A second thing I should have mentioned in my conference with Domingo is that he could have had the students do the egg comparison, rather than doing it as a demonstration. Honestly, it seems obvious to me now, but I’m only thinking of it as I write this on the plane. He could have the students do it in pairs, and he could practice beforehand to make sure he told them what proportion of salt and water to use. I think it’s likely that Domingo either didn’t think of this or was nervous to try it. It complicates things considerably to have students do this themselves. A teacher has to consider that the results might not come out as expected for all the groups, and he would have to have enough experience with that to know what to do in that case.

Grade 5: Juan Castro

The final class I observed was Juan Castro’s 5th grade class. There were 18 students in the class, 7 boys and 11 girls. This was probably the weakest of the lessons I observed. The lesson was about the main parts of the cell, and Juan Castro read about the cell membrane, nucleus, and cytoplasm out of the book. After he read each section, he then had the students read each section. All the students read at the same time, at different rates, and the effect was just a loud babble of 18 voices reading asynchronously. I’m not convinced that it was a productive use of instructional time. From what I have heard, this is Juan Castro’s general approach to teaching.

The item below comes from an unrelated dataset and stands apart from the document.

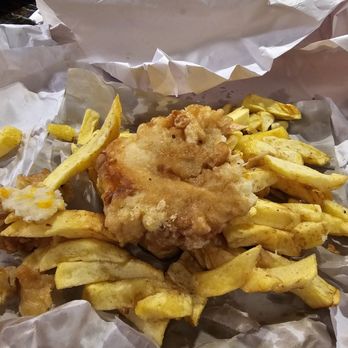 Leo Burdock - Gross. Soggy. Overrated for the money. Paying for the name of past. - Fish & Chips Near Me - Dublin, D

After this, Juan Castro brought out an egg. He cracked the egg into a beaker and told the students that the egg was a model that represented a cell. Since the students had read about the three main parts, he asked them which part the various parts of the egg represented (i.e., the shell, yolk, and the amniotic fluid). Unfortunately, he provided no wait time, and did not let the students answer. Instead he asked the question as though it were rhetorical, and then quickly answered it himself. Thus, in contrast to some of the other teachers, Juan Castro did not foreground the students’ reasoning. I believe that what he took away from our training was that he should do some sort of demonstration with the students, which is how he assimilated our idea of “explore-before-explain”. He failed to let the students explore, however.

Teaching the parts of the cell in a meaningful way is not easy. I personally believe that is pointless to just have students look at pictures in the book and identify the structures. Who among us remembers the names of the cell structures that we learned in middle or high school? For me personally, these structures only became meaningful and important as I advanced in my study of biology. I believe, as I described in Maria’s class, that the study of the cell allows for an opportunity for students to appreciate the crucial relationship between structure and function. I published a short paper that describes how I approach teaching cell structure and function to make it more meaningful (Levin, 2010). Juan Castro did begin an effort to connect the cell structures to their functions, explaining to students, for example, that the nucleus contains the hereditary information. However, that does not really demonstrate the close relationship between structure and function. A better example is the cell membrane, in which the particular organization of the structure allows for the function of regulating what can enter and exit the cell.

Next, Juan Castro moved on to introducing the difference between plant and animal cells. Again, he read from the book, explaining to the students that the plant cell was square and the animal cell was round. He mentioned that there was one other difference, but did not say what it was. A girl asked him why the plant and animal cell was different. This is an excellent question, which gets at the nature of differences between animals and plants and emphasizes the structure/function relationship. Unfortunately, Juan Castro simply reiterated that they were different, i.e., the plant cell was square and the animal cell was round, and there was one other difference6.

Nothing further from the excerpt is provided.